No third party signed their certificates. Just a contracted employee who worked for Tesonet typed in his company name instead of ProtonVPN. That's just the Android keystore, nothing else. Google supports keystore rotation only starting with Android 9.
It's actually not even a contracted employee actually. It was a Proton employee who in 2016 was getting payroll through another company before we had our own corporate entity. Keystore rotation is still not yet available yet in Android, so the old key (which we solely control) can't be changed or modified. Android actually also hashes with the certificate metadata so even that can't be edited separately.
On principle I am not impressed with what happened and I think it's very sloppy. After the Lavabit fiasco we have to be extra scrutinuous about the leadership in privacy-oriented companies. That said, I still have a few accounts with Protonmail and I think the service itself is pretty good.
There's a couple ways to look at this.
On one hand, there's an anonymous website and hundreds of Twitter bots pushing a story that is demonstratively false (just check public records).

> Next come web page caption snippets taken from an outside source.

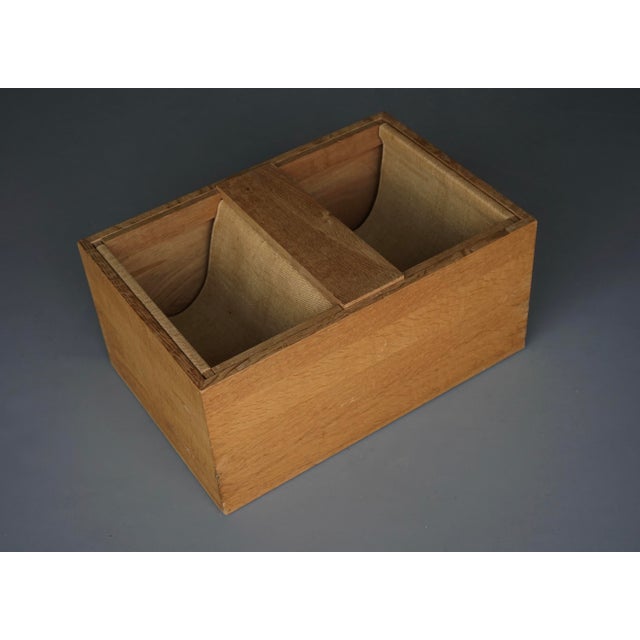 A unusual magazine rack or magazine holder in oak with canvas slung interior. Very minimalist and strict design. The...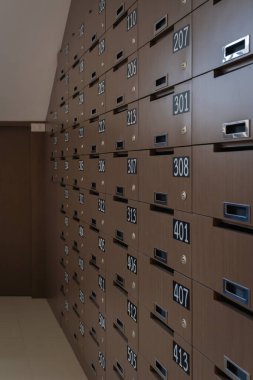 Bir apartmanda ya da apartmanda posta kutuları. Sıra sıra ahşap posta kutuları ve girişteki kilitler. Posta kutusu konseptini kontrol etmek için apartman dairesi.
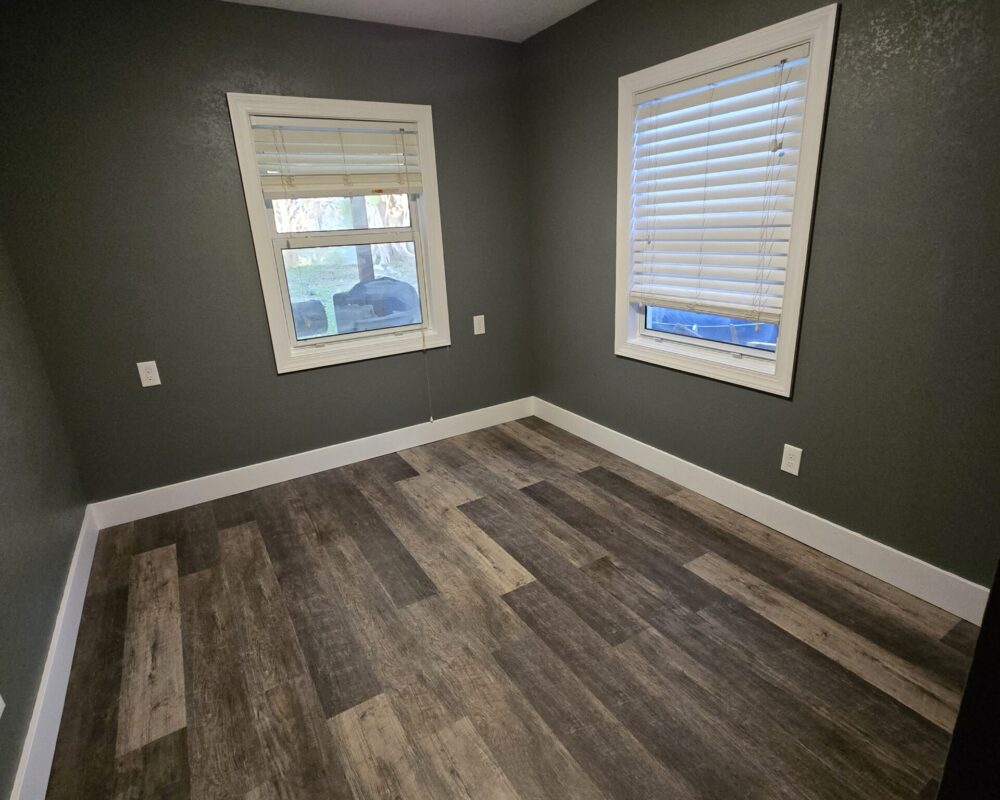 Interior view of a freshly remodeled room featuring dark gray walls, modern window treatments, and new wooden flooring, showcasing TurnKey Builds' craftsmanship in home renovations.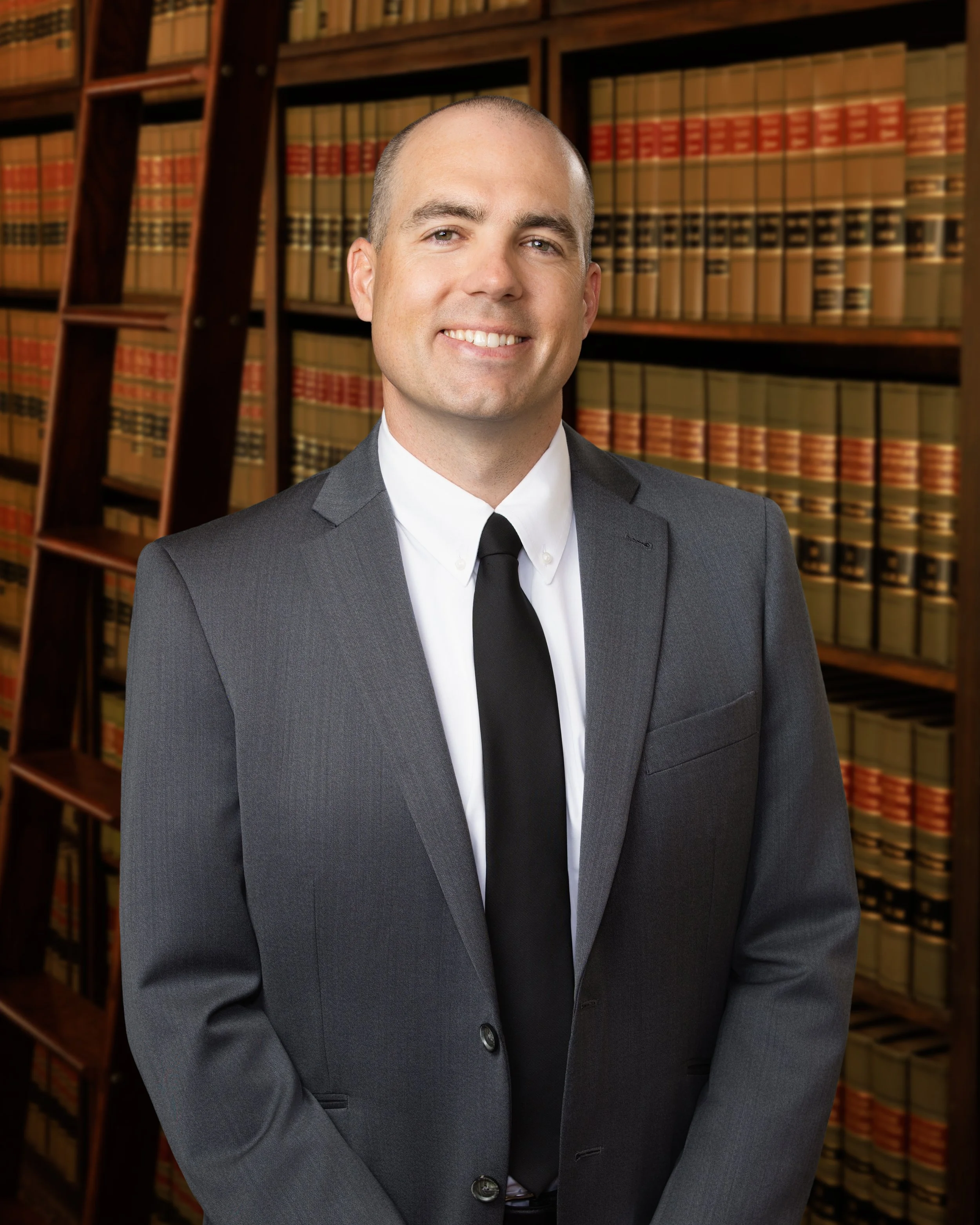 A man in a gray suit smiling in front of a bookshelf filled with legal books.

Then, on the other hand, you have Mozilla and the EU (which has access to all European corporate records) vouching for Proton (since they partially fund Proton). We also operate in a highly transparent way, so all information debunking this is actually in public record, details here: https://protonvpn.com/blog/is-protonvpn-trustworthy/
Proton definitely has an office and subsidiary in Vilnius, it's not a secret because it's on Instagram: https://www.instagram.com/p/BxMz62oHb6K/ The office is inside a 30 storey building, so it is not surprising the address is shared with quite a few other companies. But that doesn't mean Proton on a whole is based in Vilnius.
The people spreading the false information are also falsely implying that Proton's subsidiary controls the Swiss parent company, which is never the case as it's always the other way around (parent controls the subsidiary). And its super easy to disprove because unlike most companies in the VPN space, the directors of Proton's Swiss parent company are in public record, and are all well known people who have been in the public eye for years (e.g. at TED: https://www.ted.com/talks/andy_yen_think_your_email_s_privat...)
Can you explain how Mozilla entering into a partnership is the same as vouching? Did they do any particular vetting or analysis, or was this just a marketing partnership?
Quoting from the blog post:
"We therefore set out to conduct a thorough evaluation of a long list of market-leading VPN services. Our team looked closely at a wide variety of factors, ranging from the design and implementation of each VPN service and its accompanying software, to the security of the vendor’s own network and internal systems. We examined each vendors’ privacy and data retention policies to ensure they logged as little user data as possible. And we considered numerous other factors, including local privacy laws, company track record, transparency, and quality of support."
It was quite intensive, with on site visits to our office in Geneva and discussions with Mozilla technical leadership.